What must be handed in is the entire listing, exactly as written, with no pictures.

-- Given material --

_ _ _ _ _ _ _

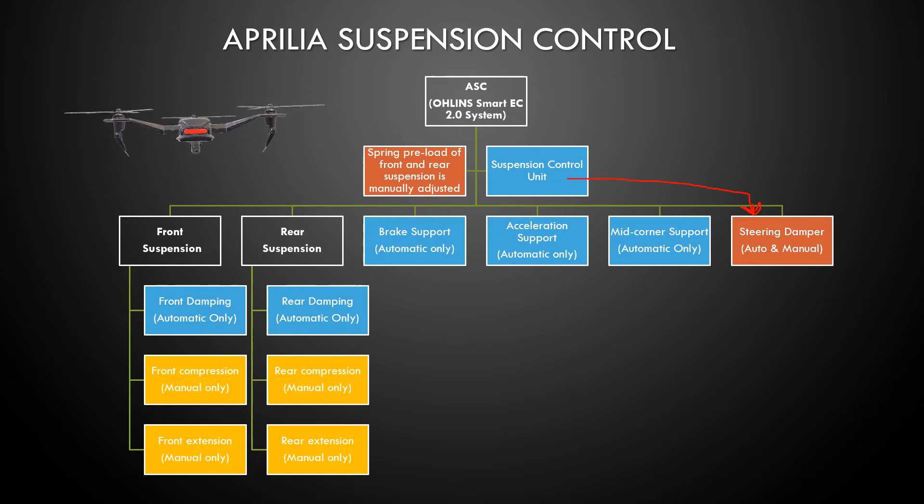However, if you don't have the automatic and you are in manual mode, the steering damper is fixed and you cannot adjust it. So that's something you might want to verify, and if so, maybe you want to change the steering damper to an aftermarket one — that's your choice.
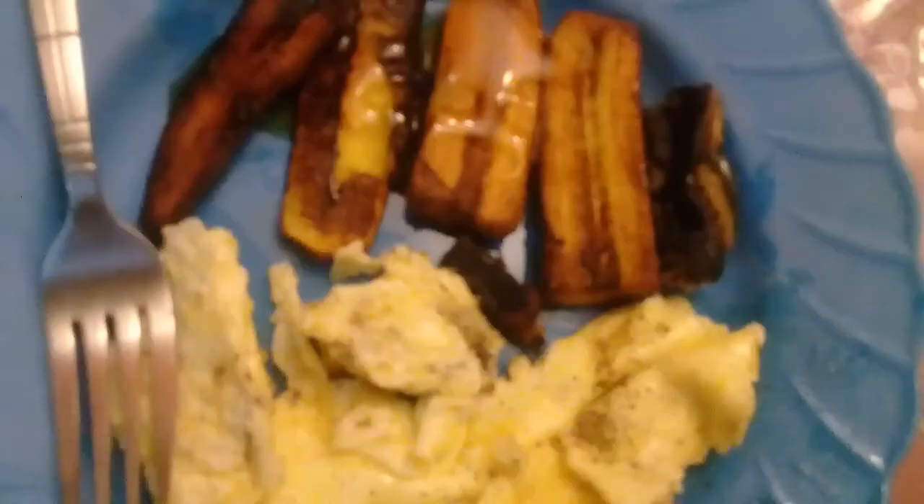This is what I got. I'm gonna add some syrup on the plantain — I love to add syrup on it. Okay guys, I hope you liked this video. Remember to like, comment, subscribe. Bye!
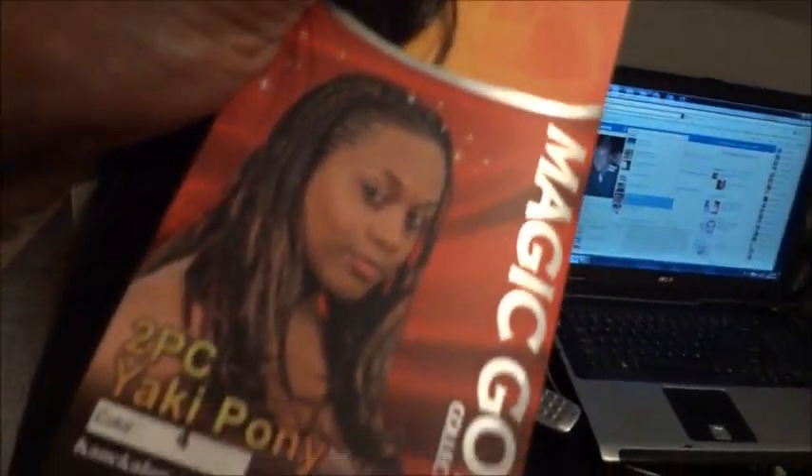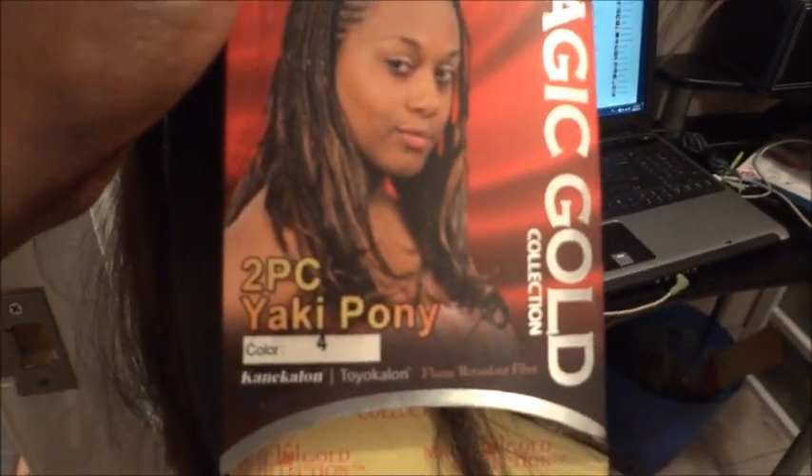As you can see, this is the final product and we used just one pack of hair to do the full head. The hair that we used is this one — Magic Gold Yakki Pony. We used actually one and a half packs for the whole head — this is the bag, the side, and the top.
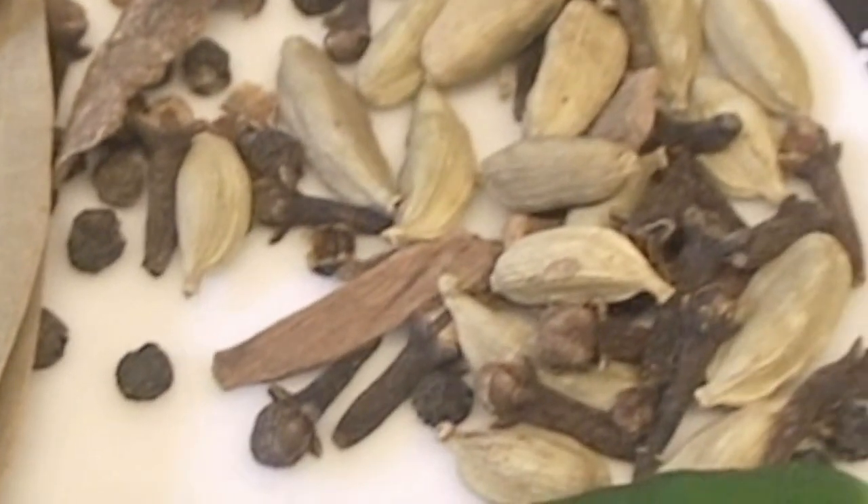3 cups onion paste, 1 cup garlic paste, 1 cup ginger paste, 1 cup ghee, 2 chopped onions, some barista, 1 cup oil, some garam masala and green chilies.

_ _ _ _ _ _ _

-- Written answer --
However, if you don't have the automatic and you are in manual mode, the steering damper is fixed and you cannot adjust it. So that's something you might want to verify, and if so, maybe you want to change the steering damper to an aftermarket one — that's your choice.
This is what I got. I'm gonna add some syrup on the plantain — I love to add syrup on it. Okay guys, I hope you liked this video. Remember to like, comment, subscribe. Bye!
As you can see, this is the final product and we used just one pack of hair to do the full head. The hair that we used is this one — Magic Gold Yakki Pony. We used actually one and a half packs for the whole head — this is the bag, the side, and the top.
3 cups onion paste, 1 cup garlic paste, 1 cup ginger paste, 1 cup ghee, 2 chopped onions, some barista, 1 cup oil, some garam masala and green chilies.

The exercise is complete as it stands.